Una delle motivazioni per cui sono riusciti a rimettersi in carreggiata, oltre ovviamente a LeBron James, è da ricercare proprio nelle prestazioni e nella chimica dei due veterani — che prima di questa stagione, pur essendo dello stesso Draft, si sono affrontati solo 36 volte da avversari (peraltro con record di 20-16 in favore di Korver). Wade, dopo aver capito in fretta che non aveva senso partire da titolare, si è calato molto bene nella parte di playmaker di fatto del secondo quintetto: la maggior parte dei sui passaggi finisce ovviamente nelle mani di LeBron James (8.7 a partita) e un’altra buona fetta delle sue assistenze va a Jeff Green (6.2), ma il giocatore a cui fa più assist (0.9 a partita) è proprio il vecchio Korver, che alla soglia dei 37 anni tira ancora con il 47% in catch&shoot, risolvendo ben più di un problema con il suo continuo movimento lontano dalla palla — e venendo puntualmente servito da Wade, con cui ha sviluppato una grande intesa.

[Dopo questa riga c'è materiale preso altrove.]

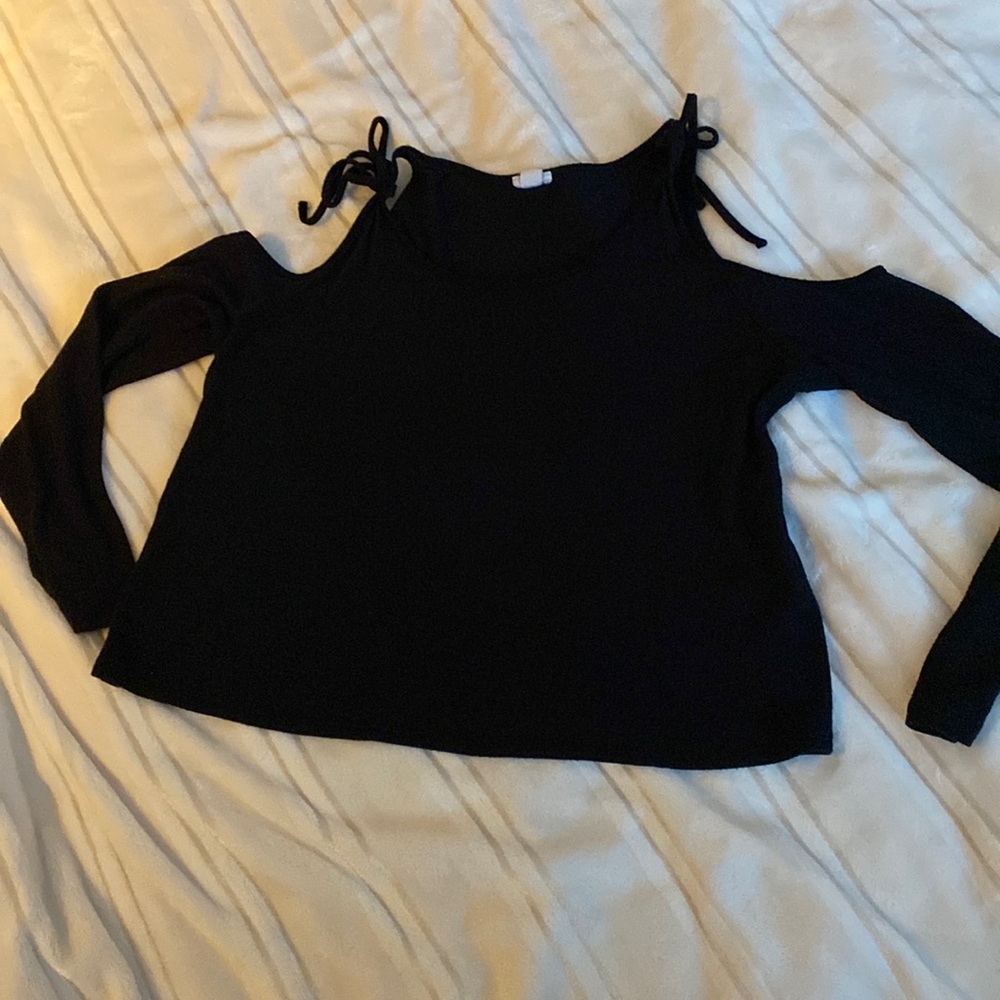 Black cutout long sleeved top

Uno degli schemi classici della second unit dei Cavs: passaggio consegnato di Green per Korver, che se non ha un tiro facile la lascia a Wade e aspetta il blocco di un altro grande tiratore come Channing Frye, mettendo in difficoltà la difesa che non può lasciare spazio a nessuno dei due. Il passaggio di Wade arriva con tempi perfetti: dalla punta Korver tira con il 56% in stagione, il risultato è automatico.


 

I quintetti assurdi dei Detroit Pistons


I Detroit Pistons sono una delle storie più interessanti di questa stagione visto che stanno andando ben oltre le aspettative grazie a un record di 14 vittorie e 6 sconfitte (buono per il secondo posto a Est), oltre a giocare in una nuova arena in cui non va nessuno a vederli. Andando a vedere i loro quintetti più utilizzati, poi, si scopre una verità sorprendente: il loro quintetto base, quello formato da Reggie Jackson, Avery Bradley, Stanley Johnson, Tobias Harris e Andre Drummond, non solo ha giocato 291 minuti (223 più di qualunque altro), ma ha anche un Net Rating fortemente negativo con -5.9, concedendo 113.5 punti su 100 possessi in difesa. Inserendo Ish Smith al posto di Jackson, poi, vanno ancora peggio con un incredibile -35.9 su 100 possessi, andando peraltro malissimo a rimbalzo pur avendo sempre in campo Drummond. Come fanno allora ad avere il secondo miglior record a Est con un andamento del genere su così tanti minuti?


 

La risposta è da ricercare nella panchina, e in particolare nelle prestazioni di tre giocatori insospettabili come il giramondo Langston Galloway, il veteranissimo Anthony Tolliver e il rookie Luke Kennard. Loro tre infatti vantano dei Net Rating assurdi, rispettivamente di +16.7, +12.6 e +9.6, i migliori di tutta la squadra tra i giocatori con almeno 100 minuti giocati. Le loro prestazioni hanno permesso alla panchina della squadra di Stan Van Gundy di posizionarsi al quarto posto nella lega, dietro solamente a quella di Toronto, Golden State e Houston, mentre i titolari si posizionano solamente a un mediocre 17° posto.